1970 saw a volatile and feverish election campaign. Bhutto toiled hard for his votes in the deserts and plains of Sindh and Punjab. Sheikh Mujib, helped by nationalistic slogans and a natural disaster, swept the polls in East Pakistan. With two different parties claiming a majority in two separate parts of the country, the stage was set for a brutal contest for the ultimate prize of controlling Pakistan between the three players: the army, Sheikh Mujib, and Bhutto.
Bhutto, after having been ousted from the power in a palace power struggle just four years earlier, was knocking back with a mandate from two important provinces. It was time for him to play his cards diligently and with utmost shrewdness. Bhutto was ready for the game that would eventually make him the Prime Minister of Pakistan.
|Generals, Ayub Khan & Yahya Khan|
During his election campaign and after it, Bhutto never criticized the army. His original focus was on Ayub Khan as an individual. Fact of the matter is he perhaps was working with Gen. Yahya Khan to launch a coup against Gen. Ayub after Gen. Yahya Khan was appointed COAS in 1967. Once Ayub Khan was removed; he focused on Wadera, Zamindar, landlords and capitalists. Bhutto was able to fool many both in the left and the right wing by his rhetoric but he understood correctly that without the army, he had no chance of getting power in Pakistan.

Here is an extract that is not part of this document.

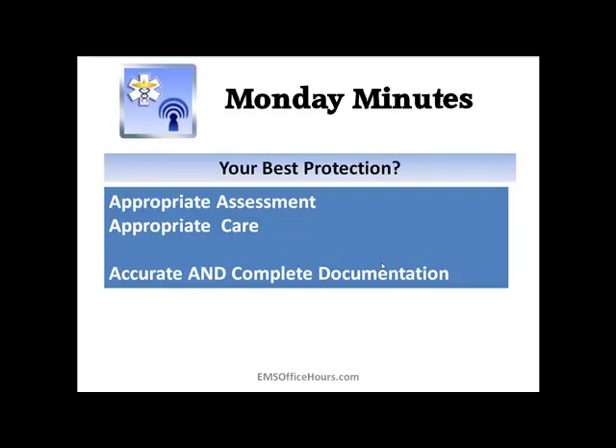So what is your best protection? The best legal protection is appropriate assessment and care, and you're going to couple that with accurate and complete documentation.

A few weeks after the elections, Gen. Yahya Khan along with some senior military generals huddled up with Bhutto in his hometown Larkana. I believe that in that meeting the army and Bhutto finally agreed on how to deal with the East Pakistan and the Mujib problem. It was not in their interests to see Mujib as the PM and soon after those meetings, Bhutto took a belligerent stand against Mujib and eventually went on to tell National Assembly members to not to show up for the assembly meeting in Dhaka or their legs would be broken. Then in a speech in Lahore, he came out with his famous declaration “Idhar hum, Udhar tum.” Within days, Gen. Yahya Khan postponed the assembly session in Dhaka causing a violent reaction there. It became clear to all that Bengalis would have a huge struggle ahead of them to control their destiny.

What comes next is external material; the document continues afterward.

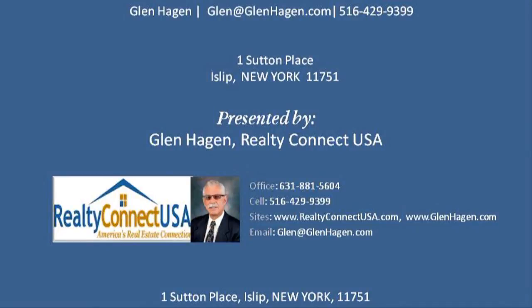Hi, this is Glenn Hagen, the listing agent commissioned to market and sell this fine property. I've taken the photos, wrote and narrated the script, and then produced the video tour you're about to see. I hope you enjoy it.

|Pakistan military launched military operation, codenamed, "Operation Searchlight" on 25th March, 1971 in "East Pakistan" to crush Bengali nationalist movement. Hundreds of thousands of Bengalis were massacred in the operation.|
Bhutto’s declaration of “Idhar hum, Udhar tum” was not some burst of emotions but a signal to the army that he would put his neck out for the army. It was also a signal to Mujib about what was to come next. Mujib got his cue and there never were any serious negotiations with the army. The Awami league leadership began to slip out to India and when finally the military action commenced, most of the Awami league leaders escaped arrest. Mujib was the only the major AL leader arrested by the army.